If I have two revisions, the second being an incremental with zero changes, it takes another 2 minutes. So that problem hasn’t been fixed, of the same file being checked once for each revision instead of just once overall. Should I post a new forum thread, or is the ticket in github enough to report that?

Also is it worth documenting whether a restore operation does a check on each file’s hash and warn to the user if it doesn’t match, or is it up to the user to run a check --files on the arvhive before doing a restore?

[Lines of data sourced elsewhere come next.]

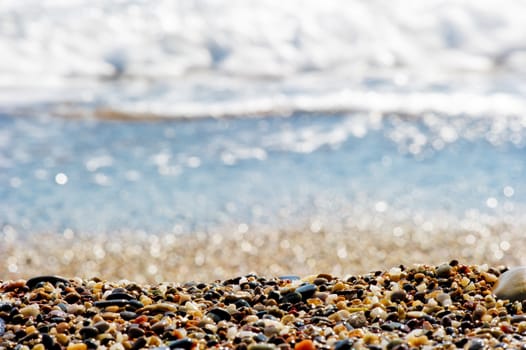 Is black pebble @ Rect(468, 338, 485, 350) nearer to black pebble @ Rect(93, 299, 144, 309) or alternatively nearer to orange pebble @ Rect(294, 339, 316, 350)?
orange pebble @ Rect(294, 339, 316, 350)

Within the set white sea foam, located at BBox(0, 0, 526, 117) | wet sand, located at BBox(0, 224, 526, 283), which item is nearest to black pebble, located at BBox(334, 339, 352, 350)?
wet sand, located at BBox(0, 224, 526, 283)

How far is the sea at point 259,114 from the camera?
16.9 feet

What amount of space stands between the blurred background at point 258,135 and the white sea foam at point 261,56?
0.03m

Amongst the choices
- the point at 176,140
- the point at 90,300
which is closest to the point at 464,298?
the point at 90,300

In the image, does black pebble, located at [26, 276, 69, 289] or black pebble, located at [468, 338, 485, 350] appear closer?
Answer: black pebble, located at [468, 338, 485, 350]

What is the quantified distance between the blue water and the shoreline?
200 cm

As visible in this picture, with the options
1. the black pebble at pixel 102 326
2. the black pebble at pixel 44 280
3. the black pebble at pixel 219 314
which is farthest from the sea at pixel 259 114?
the black pebble at pixel 102 326

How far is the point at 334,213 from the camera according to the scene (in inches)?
198

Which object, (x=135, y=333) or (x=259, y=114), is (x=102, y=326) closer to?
(x=135, y=333)

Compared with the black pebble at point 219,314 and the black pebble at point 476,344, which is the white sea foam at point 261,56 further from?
the black pebble at point 476,344

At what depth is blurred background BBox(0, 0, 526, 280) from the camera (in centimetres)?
468

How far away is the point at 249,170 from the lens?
5836mm

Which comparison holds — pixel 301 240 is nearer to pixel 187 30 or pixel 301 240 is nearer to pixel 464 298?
pixel 464 298

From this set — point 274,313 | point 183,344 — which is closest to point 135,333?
point 183,344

TheBestPessimist · 14 June 2019 04:57

I guess the optimal solution here would be to store in memory a “visited map” with key=chunk and value = true/false representing “the chunk exists”. Not sure about the memory usage, but i would expect 1_000_000_000_000 strings +bool to not consume that much memory (maybe i remember wrong but that chunk list is already created in “listing all the chunks” phase)

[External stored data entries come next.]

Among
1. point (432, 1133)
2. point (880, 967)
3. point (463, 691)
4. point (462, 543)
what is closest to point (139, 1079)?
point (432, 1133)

gchen · 14 June 2019 13:57

No, the file list is always sorted by file names so files will always be checked in the same order.

Once a revision passed check -files, you won’t need to check it again, so in most cases you don’t need to run check -files on multiple revisions at once. If you do, the most efficient method is to add a local storage, copy revisions to be checked to the local storage, and then run the check on the local storage. This will guarantee to download the minimum number of chunks.

Yes, a restore operation will error out if the file hashes do not match. No need to run check -files beforehand.